# There is hope!



## KNIFE IN THE HEART (Oct 20, 2011)

It's been 3 years since the "I don't love you" talk from my stbxh, 2.5 years of living separately. It's been incredibly difficult, especially because I work with him and have contact every day. But I'm finally in a great place! I have been doing counseling for 2 years, I've discovered new interests, I've renewed lost friendships. In short, I've put myself first and I feel great! 

My stbxh is living with his new girl (his first cousin, yep, gross!). It bothered me at first but I've come to terms with this. I don't like her and I don't say her name but I no longer hate her. I see that my stbxh is still in the same head space as when we were together and I am so grateful that I am no longer stuck with dealing with him. I've chosen to be happy. 

I still love him but I accept he doesn't feel this way about me. And, although a small part of me dreams about falling in love again, I truly know that it would not be healthy for me to be with him. 

There were a lot of tears, a tremendous amount of pain, a ton of anger but I'm out the other side! You can be too! The trick is to focus on yourself, be gentle and kind to yourself. Do what interests you. Don't do things because you think it will get him (or her) back. This won't work. Your actions have to be about you!

There truly is a place of happiness for you. It's not going to look like what you pictured when you were married. Be open to the new picture. It's going to be even better than you imagined because you've been through a war, you survived and you found out the incredible strength you have. Focus on the positive and keeping looking for the joy in every situation. This will take you to the happiest place of your life!


----------



## Ceegee (Sep 9, 2012)

Glad you're doing well. 

First cousin?

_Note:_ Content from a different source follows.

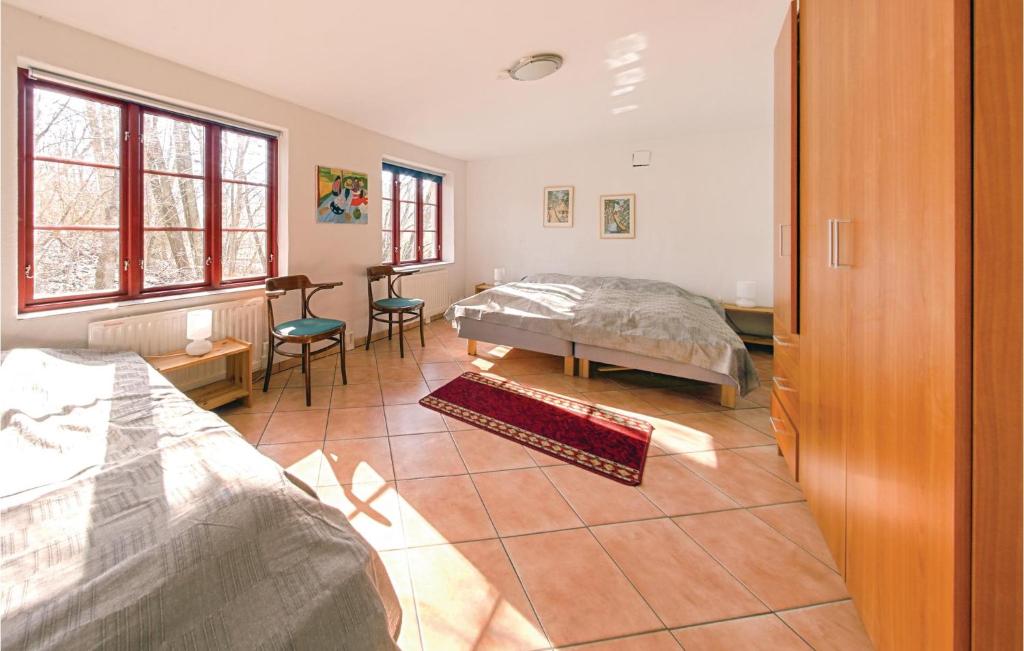 Awesome Home In Tomelilla With 3 Bedrooms photo 3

SMH...

How does that go over in a courtroom?


----------



## KNIFE IN THE HEART (Oct 20, 2011)

It won't come up with regards to the divorce because that's not an issue where I am. 

But, I know she's here illegally. She's over-stayed her visa. If I was a meaner person I would call immigration and report her. But I figure having to live with him and put up with his sh#t is more punishment than being removed from the country!


----------



## ne9907 (Jul 17, 2013)

> I still love him but I accept he doesn't feel this way about me. And, although a small part of me dreams about falling in love again, I truly know that it would not be healthy for me to be with him.


Thank you!!
Your words give me great hope!


----------